Insegnamento a.a. 2015-2016

20251 - FIXED INCOME (ADVANCED METHODS)


CLMG - M - IM - MM - AFC - CLAPI - CLEFIN-FINANCE - CLELI - ACME - DES-ESS - EMIT

Department of Finance

Course taught in English

Go to class group/s: 31
CLMG (6 credits - I sem. - OP  |  SECS-S/06) - M (6 credits - I sem. - OP  |  SECS-S/06) - IM (6 credits - I sem. - OP  |  SECS-S/06) - MM (6 credits - I sem. - OP  |  SECS-S/06) - AFC (6 credits - I sem. - OP  |  SECS-S/06) - CLAPI (6 credits - I sem. - OP  |  SECS-S/06) - CLEFIN-FINANCE (6 credits - I sem. - OP  |  SECS-S/06) - CLELI (6 credits - I sem. - OP  |  SECS-S/06) - ACME (6 credits - I sem. - OP  |  SECS-S/06) - DES-ESS (6 credits - I sem. - OP  |  SECS-S/06) - EMIT (6 credits - I sem. - OP  |  SECS-S/06)
Course Director:
GIANLUCA FUSAI

Classes: 31 (I sem.)
Instructors:
Class 31: GIANLUCA FUSAI



Course Objectives

The purpose of the course is to present the latest achievements in the term of structure modeling for pricing and hedging interest rate derivatives. Emphasis is devoted to the theoretical and practical implementation of the models, and the suitability of different models in complex valuation and hedging problems of interest rate options, equity-linked fixed income securities and structured products. Completing the course, the participants have a clear and thorough understanding of the different methodologies in the pricing and hedging of interest rate options. The course is quantitatively oriented but financial and practical issues are greatly discussed.


Course Content Summary

  • Basic elements of financial mathematics.
  • LIBOR rates and Eurodeposits, FRA, Eurofutures, Swap.
  • Pricing Floating Rate Notes. Yield curve stripping.
  • Caps and Swaptions.
  • Interest rate modelling: the classical approach (Merton, Vasicek, Cox and Ingersoll).
  • Stochastic differential equations, change of numeraire and the market practice: the Black model.
  • Advanced term structure modelling: the Heath-Jarrow-Morton model and the LIBOR market model.
  • Model calibration.
  • Pricing of structured bonds.
  • Modelling the Volatility Smile in the interest rate market.
  • Credit risk issues.
  • Laboratory session (with Excel and/or Matlab) for implementation issues.

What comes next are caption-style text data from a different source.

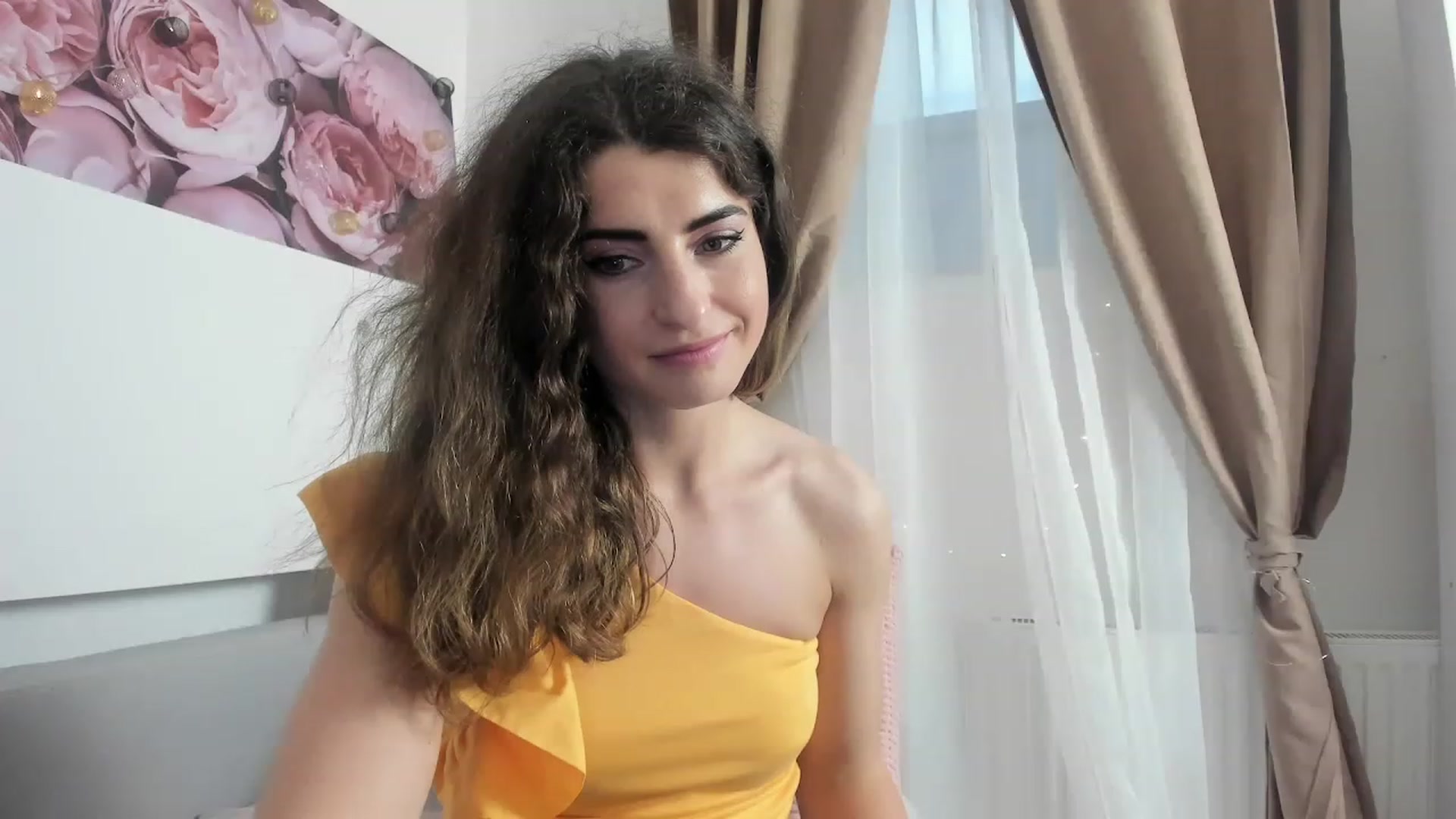 Gallery image thumbnail from EVA__LOVIA_'s myfreecams stream on, 01/20/2023, 12:03 image 12 of 20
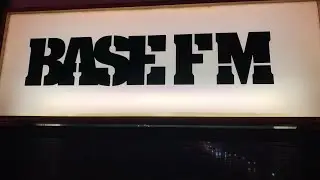 Loane Records live at Base FM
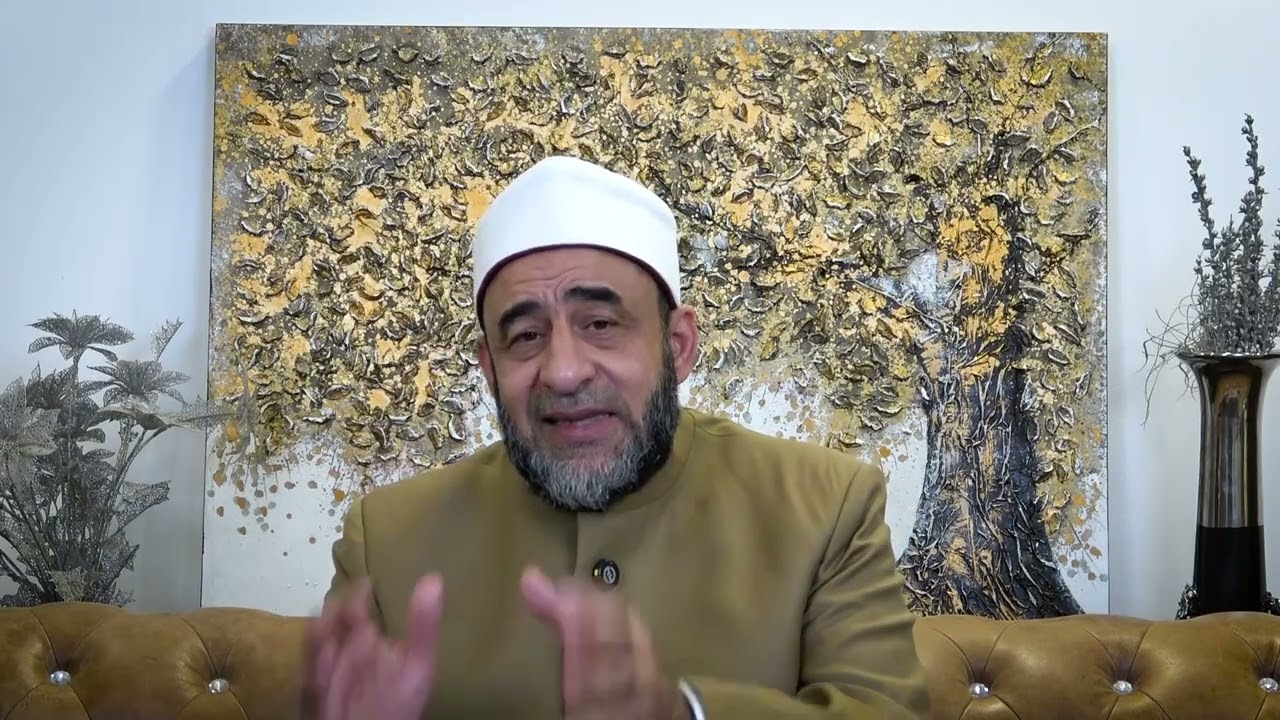 ۱۱-كيف نخرج الزكاة؟ أحكام النية - الدرس الخامس في أحكام الزكاة - الفقه الشافعي ببساطة - د ياسر أمين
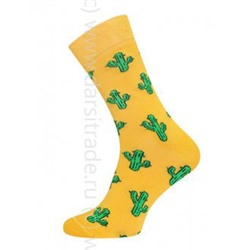 Носки женские 21С4200В 003 Брестские Fajna Socks Conte [6шт] Дроп х/б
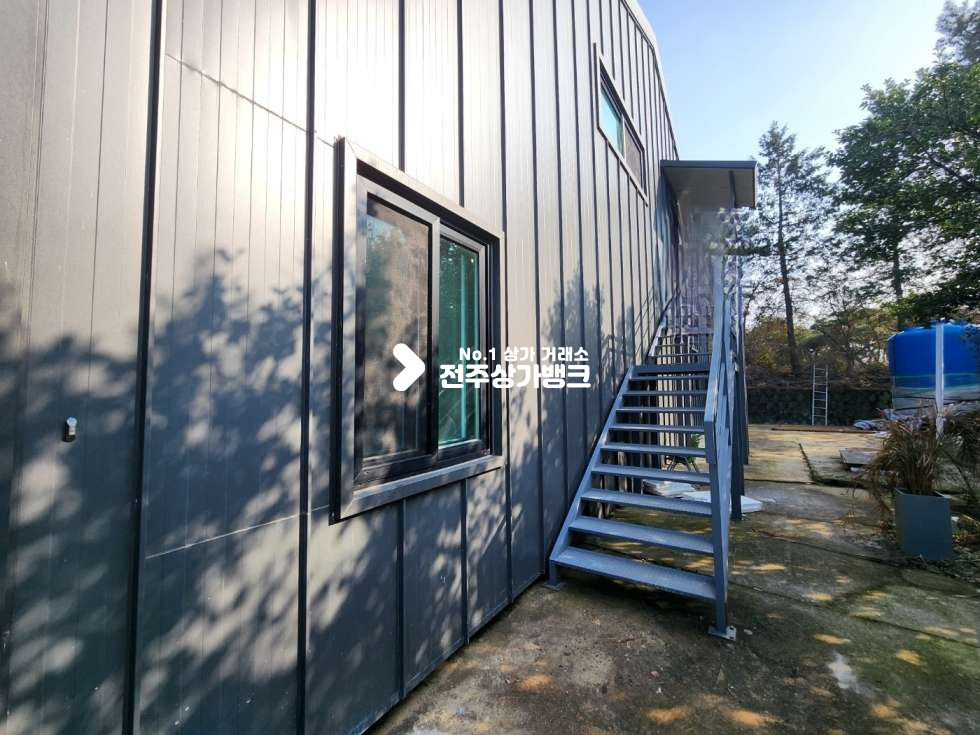 전북 완주군 이서면 상개리 ★S 이서면 2층 상가 주차장넓음★ 월세 매물번호 13566 사진 8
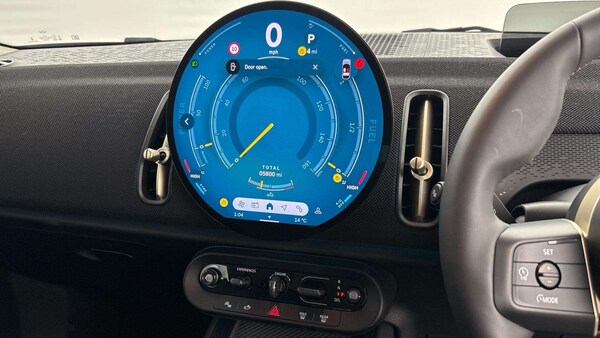 Used MINI Countryman 2025 for sale - 76230324: Photo 6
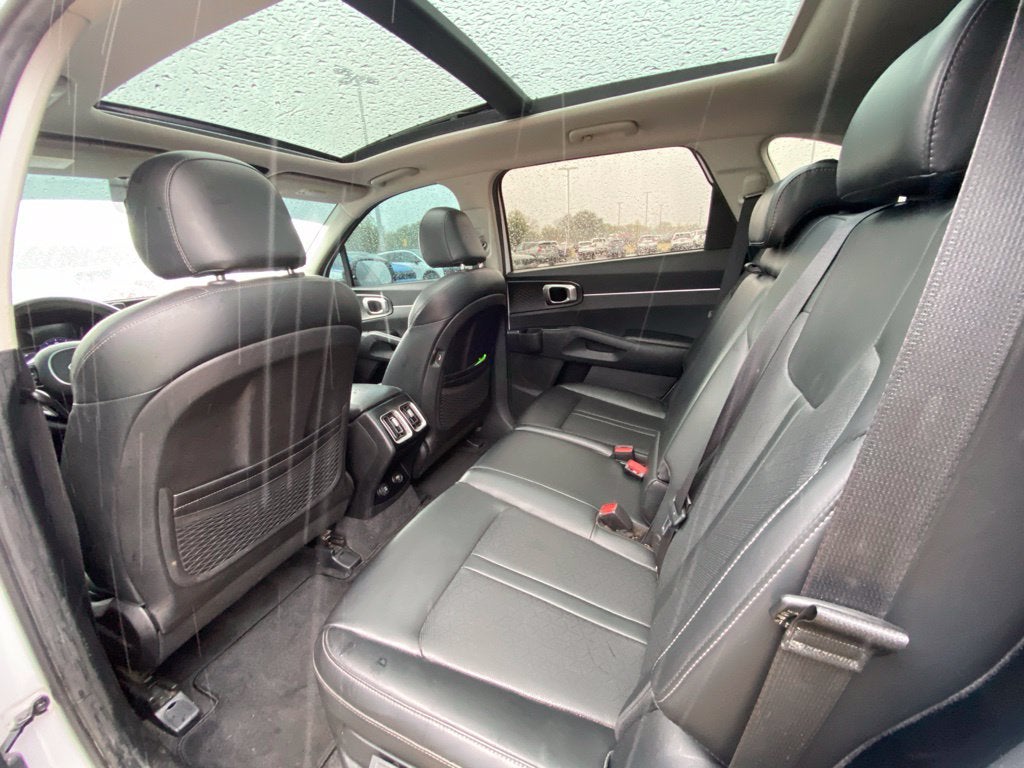 2021 Kia Sorento S LEATEHR / HEATED SEATS / SUNROOF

Detailed Description of Assessment Methods

The exam can have two different modalities:
  • two midterm examinations (closed books) are planned. The first follows the initial six lectures and is based on the first part of the course. The second examination will occur at the end of the course and is based on the second part of the course. If the grade of the midterm is not sufficient (less than 18), you cannot do the second mid-term examination and the take home examination.
  • A Final Examination (closed books) at the end of the course is planned, and will be based on the entire course.
  • A not compulsory coursework, that will give a maximum of 3 additional marks. For the take-home exam the use of Excel/Matlab will be required. Groupwork (no more than 3 persons) is allowed for the take home examination. The deadline for the take home examination will be set before the end of the course.

Textbooks

  • Presentation materials are available on the e-learning platform.
  • D. BRIGO, F. MERCURIO, Interest Rate Models - Theory and Practice: With Smile, Inflation and Credit, Springer Finance, 2007, 2nd edition.
  • J. HULL, Options, Futures and Other Derivatives, Pearson Prentice, Hall,6nd edition.
  • L. MARTELLINI, P. PRIAULET, S. PRIAULET, Fixed-Income Securities: Valuation, Risk Management and Portfolio Strategies, John Wiley & Sons, July 7, 2003.
  • P. VERONESI, Fixed Income Securities: Valuation, Risk, and Risk Management, Wiley, 2009.
Exam textbooks & Online Articles (check availability at the Library)

Prerequisites

Basic knowledge of derivative instruments like futures and options, their pricing through the no-arbitrage principle and the Black-Scholes formula as well as a basic knowledge of stochastic calculus (at the level of the Hull textbook) and solution of stochastic differential equations (like arithmetic and geometric Brownian motion) are required as prerequisites.

Last change 08/06/2015 10:01